Changing the scoring (newest doc date first)

classic Classic list List threaded Threaded
6 messages Options
Reply | Threaded
Open this post in threaded view
|

Changing the scoring (newest doc date first)

Marcus Falck
Hello,
 
I'm working on a very large implementation of a search engine based on the lucene api (1.4.3). We have also been investigating enterprise search companies such as FAST and Verity but have come to the conclusion that we might aswell save ourselves 1 millon dollars by doing our own implementation on lucene.
 
What we are talking about here is to index up data from alot of different system all containing ALOT of document. This index will be distributed by range ( date ) and scaled with 1 or more machines containing the same index per range (load balanced using round robin).
 
Currently the total size of all documents we need to index is around 2TB (200 million documents) but this is growing with approximentely 200 000 document on a daily basis.
 
I have already written code for a prototype that contains fetcher application, for fetching data from the orignal systems storages and distributes the documents using SOAP over TCP to the correct data intervall (and the intervalls machines), SearchMachineHost (the actual index/search per machine), Search/Index api (that adds transparancy to the whole clustering part), AlertHost (for time sensetive alerts) and demo applications. Every thing looks very good we are very satisfied with the performance.
 
---PROBLEM--
There is however one LARGE problem that we have run into. All search result should be displayed sorted with the newest document at top. We tried to accomplish this using Lucene's sort capabilites but quickly ran into large performance bottlenecks. So i figured since the default sort is by relevance i would like to change the relevance so that we don't even need to sort the documents. I guess alot of people at this mail list can give me valuable hints about how to accomplish this!
(Since i now about the ability to sort by index id (which i haven't tried) I can also add that i can't guarantee that all documents will be added in correct date order (remember the several systems,  the future plans is to buy content from different actors on the market and index it up).
 
Please help me in my fight against FAST and Verity =D
 
/ Regards
Marcus Falck, Stockholm, Sweden.
 
I would also like to thank all people that have been involved in the lucene development.
Very nice work!
 
Reply | Threaded
Open this post in threaded view
|

RE: Changing the scoring (newest doc date first)

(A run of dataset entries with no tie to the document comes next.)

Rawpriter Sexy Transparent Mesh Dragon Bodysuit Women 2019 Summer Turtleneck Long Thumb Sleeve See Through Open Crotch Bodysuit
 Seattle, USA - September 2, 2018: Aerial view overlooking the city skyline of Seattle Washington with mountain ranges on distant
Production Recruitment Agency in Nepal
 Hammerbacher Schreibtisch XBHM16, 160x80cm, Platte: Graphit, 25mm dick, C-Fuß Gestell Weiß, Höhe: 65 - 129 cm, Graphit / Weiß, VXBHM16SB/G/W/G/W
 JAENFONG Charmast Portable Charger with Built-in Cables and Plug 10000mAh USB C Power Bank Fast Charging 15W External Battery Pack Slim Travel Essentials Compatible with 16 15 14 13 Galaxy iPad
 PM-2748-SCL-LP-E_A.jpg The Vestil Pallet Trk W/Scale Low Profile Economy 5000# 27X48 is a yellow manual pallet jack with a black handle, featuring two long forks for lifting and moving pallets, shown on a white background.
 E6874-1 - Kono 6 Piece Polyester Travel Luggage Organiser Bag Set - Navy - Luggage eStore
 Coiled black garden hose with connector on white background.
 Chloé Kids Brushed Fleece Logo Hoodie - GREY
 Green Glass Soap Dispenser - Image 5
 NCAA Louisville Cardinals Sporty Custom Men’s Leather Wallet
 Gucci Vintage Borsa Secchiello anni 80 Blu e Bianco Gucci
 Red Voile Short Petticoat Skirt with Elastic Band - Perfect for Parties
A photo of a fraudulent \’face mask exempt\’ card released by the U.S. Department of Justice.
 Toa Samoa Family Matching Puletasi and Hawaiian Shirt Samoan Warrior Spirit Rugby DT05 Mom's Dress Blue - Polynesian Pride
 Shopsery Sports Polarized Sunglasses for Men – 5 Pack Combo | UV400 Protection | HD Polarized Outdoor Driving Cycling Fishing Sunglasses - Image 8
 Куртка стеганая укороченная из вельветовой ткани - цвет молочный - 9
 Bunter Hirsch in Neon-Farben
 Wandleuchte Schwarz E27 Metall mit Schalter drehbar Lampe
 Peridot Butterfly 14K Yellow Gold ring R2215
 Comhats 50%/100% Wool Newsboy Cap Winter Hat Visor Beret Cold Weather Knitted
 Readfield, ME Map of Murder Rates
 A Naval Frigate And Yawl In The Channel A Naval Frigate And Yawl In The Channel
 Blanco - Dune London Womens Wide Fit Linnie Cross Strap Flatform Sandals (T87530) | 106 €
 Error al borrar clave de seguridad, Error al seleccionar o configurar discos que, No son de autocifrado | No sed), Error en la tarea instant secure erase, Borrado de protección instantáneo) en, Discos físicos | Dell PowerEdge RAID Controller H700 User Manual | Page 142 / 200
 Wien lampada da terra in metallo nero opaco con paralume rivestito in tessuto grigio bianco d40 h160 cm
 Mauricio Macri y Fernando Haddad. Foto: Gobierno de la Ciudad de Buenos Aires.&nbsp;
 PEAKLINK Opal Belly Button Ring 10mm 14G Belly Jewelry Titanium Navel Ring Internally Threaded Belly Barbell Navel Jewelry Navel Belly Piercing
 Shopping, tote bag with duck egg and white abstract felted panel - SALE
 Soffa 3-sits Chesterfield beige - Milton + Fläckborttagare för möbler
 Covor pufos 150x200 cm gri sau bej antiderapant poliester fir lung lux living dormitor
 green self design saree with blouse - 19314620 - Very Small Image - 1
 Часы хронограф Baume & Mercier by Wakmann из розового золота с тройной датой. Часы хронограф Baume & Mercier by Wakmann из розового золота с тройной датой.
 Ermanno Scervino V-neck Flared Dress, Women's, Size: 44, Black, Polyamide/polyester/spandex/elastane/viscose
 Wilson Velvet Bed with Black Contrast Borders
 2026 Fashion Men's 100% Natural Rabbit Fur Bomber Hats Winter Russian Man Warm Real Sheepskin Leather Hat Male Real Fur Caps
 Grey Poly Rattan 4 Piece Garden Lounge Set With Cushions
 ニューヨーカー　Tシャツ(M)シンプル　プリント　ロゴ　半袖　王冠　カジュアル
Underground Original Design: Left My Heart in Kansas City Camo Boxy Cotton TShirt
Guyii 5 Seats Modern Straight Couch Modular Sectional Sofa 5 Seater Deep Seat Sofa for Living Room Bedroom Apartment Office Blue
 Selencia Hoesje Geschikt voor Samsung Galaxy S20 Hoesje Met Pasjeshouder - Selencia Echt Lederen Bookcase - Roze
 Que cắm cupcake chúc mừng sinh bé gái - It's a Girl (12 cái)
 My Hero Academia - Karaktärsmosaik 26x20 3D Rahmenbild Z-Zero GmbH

Mordo, Aviran (EXP N-NANNATEK)
When you write your query, you can add a date range with a boot factor
for this field, i.e boost y a factor x the documents that have a date of
today, boost  by x-1 the documents from the past wee, boost by x-2 the
documents from the past two weeks, etc'.

This will not be a perfect sort on the dates but it will boost newer
documents depends on your date range.

HTH

Aviran
http://www.aviransplace.com

-----Original Message-----
From: Marcus Falck [mailto:[hidden email]]
Sent: Tuesday, May 16, 2006 2:43 PM
To: [hidden email]
Subject: Changing the scoring (newest doc date first)

Hello,
 
I'm working on a very large implementation of a search engine based on
the lucene api (1.4.3). We have also been investigating enterprise
search companies such as FAST and Verity but have come to the conclusion
that we might aswell save ourselves 1 millon dollars by doing our own
implementation on lucene.
 
What we are talking about here is to index up data from alot of
different system all containing ALOT of document. This index will be
distributed by range ( date ) and scaled with 1 or more machines
containing the same index per range (load balanced using round robin).
 
Currently the total size of all documents we need to index is around 2TB
(200 million documents) but this is growing with approximentely 200 000
document on a daily basis.
 
I have already written code for a prototype that contains fetcher
application, for fetching data from the orignal systems storages and
distributes the documents using SOAP over TCP to the correct data
intervall (and the intervalls machines), SearchMachineHost (the actual
index/search per machine), Search/Index api (that adds transparancy to
the whole clustering part), AlertHost (for time sensetive alerts) and
demo applications. Every thing looks very good we are very satisfied
with the performance.
 
---PROBLEM--
There is however one LARGE problem that we have run into. All search
result should be displayed sorted with the newest document at top. We
tried to accomplish this using Lucene's sort capabilites but quickly ran
into large performance bottlenecks. So i figured since the default sort
is by relevance i would like to change the relevance so that we don't
even need to sort the documents. I guess alot of people at this mail
list can give me valuable hints about how to accomplish this!
(Since i now about the ability to sort by index id (which i haven't
tried) I can also add that i can't guarantee that all documents will be
added in correct date order (remember the several systems,  the future
plans is to buy content from different actors on the market and index it
up).
 
Please help me in my fight against FAST and Verity =D
 
/ Regards
Marcus Falck, Stockholm, Sweden.
 
I would also like to thank all people that have been involved in the
lucene development.
Very nice work!
 



---------------------------------------------------------------------
To unsubscribe, e-mail: [hidden email]
For additional commands, e-mail: [hidden email]

Reply | Threaded
Open this post in threaded view
|

Re: Changing the scoring (newest doc date first)

Yonik Seeley
In reply to this post by Marcus Falck
On 5/16/06, Marcus Falck <[hidden email]> wrote:
> I'm working on a very large implementation of a search engine based on the lucene api (1.4.3). We have also been investigating enterprise search companies such as FAST and Verity but have come to the conclusion that we might aswell save ourselves 1 millon dollars by doing our own implementation on lucene.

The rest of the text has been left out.